Task item. Return an exact copy of the lines from the one holding "Rann Visamo Resort Bherandiala Luaran gambar" to the end of the data, including both the starting and final lines. Leave the pictures out.

Data excerpt.
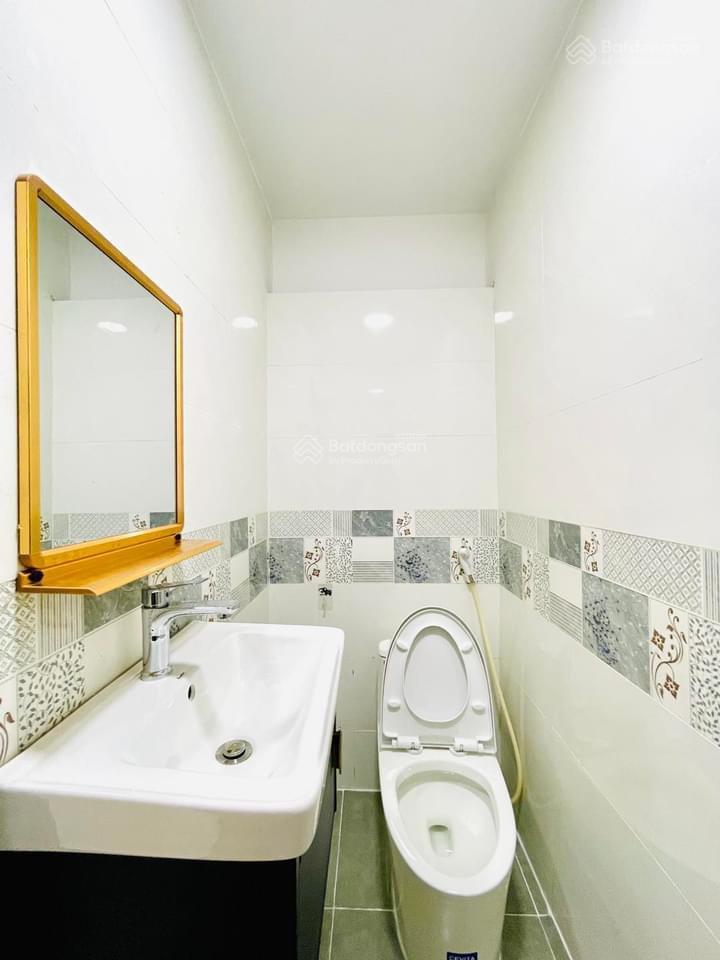Bán nr 20m2, 2pn, 2wc tại nguyễn xiển, 2 tỷ vnd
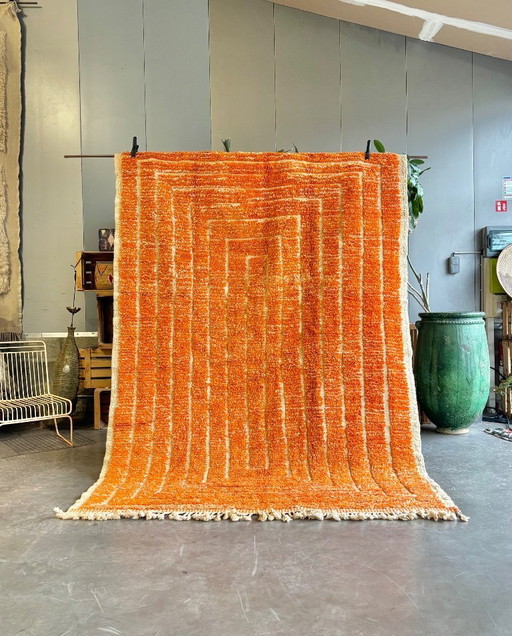 Beni Ouarain Teppich – 200 x 300 cm – Handgewebte marokkanische Wolle – Modernes oranges Design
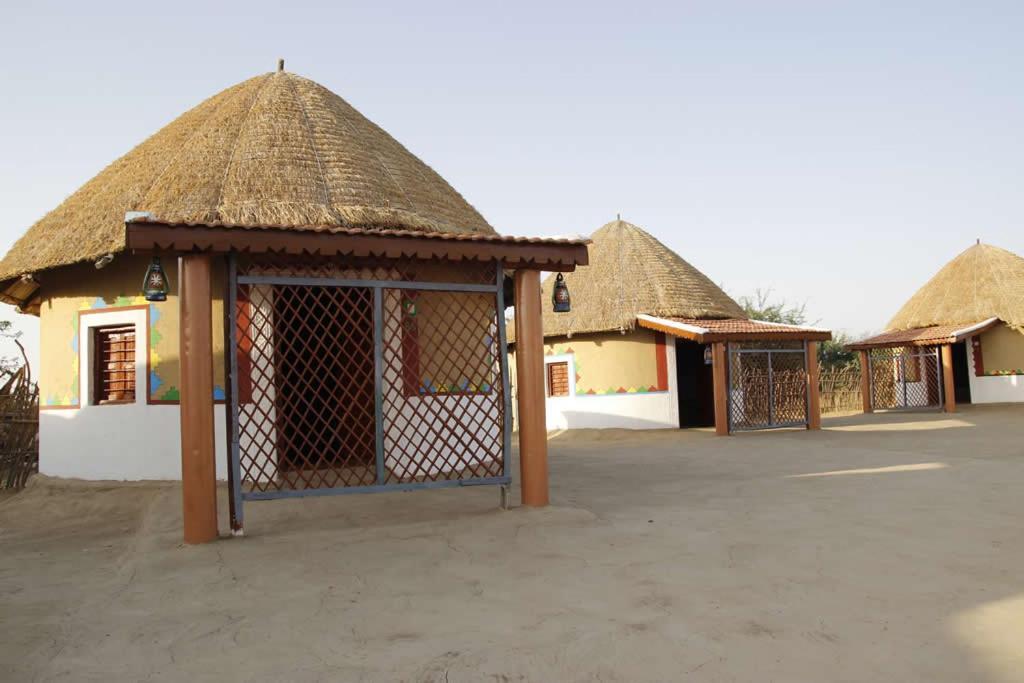 Rann Visamo Resort Bherandiala Luaran gambar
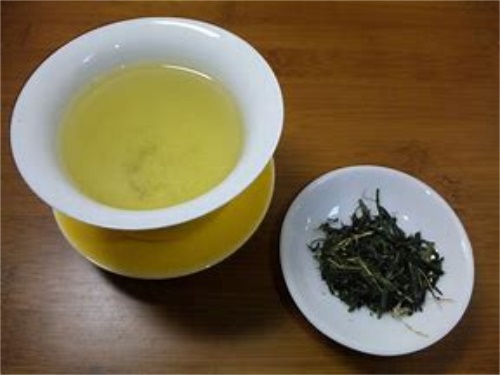  经常喝绿茶的好处和坏处 经常喝绿茶有缓解疲劳的功效吗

Task response.
 Rann Visamo Resort Bherandiala Luaran gambar
  经常喝绿茶的好处和坏处 经常喝绿茶有缓解疲劳的功效吗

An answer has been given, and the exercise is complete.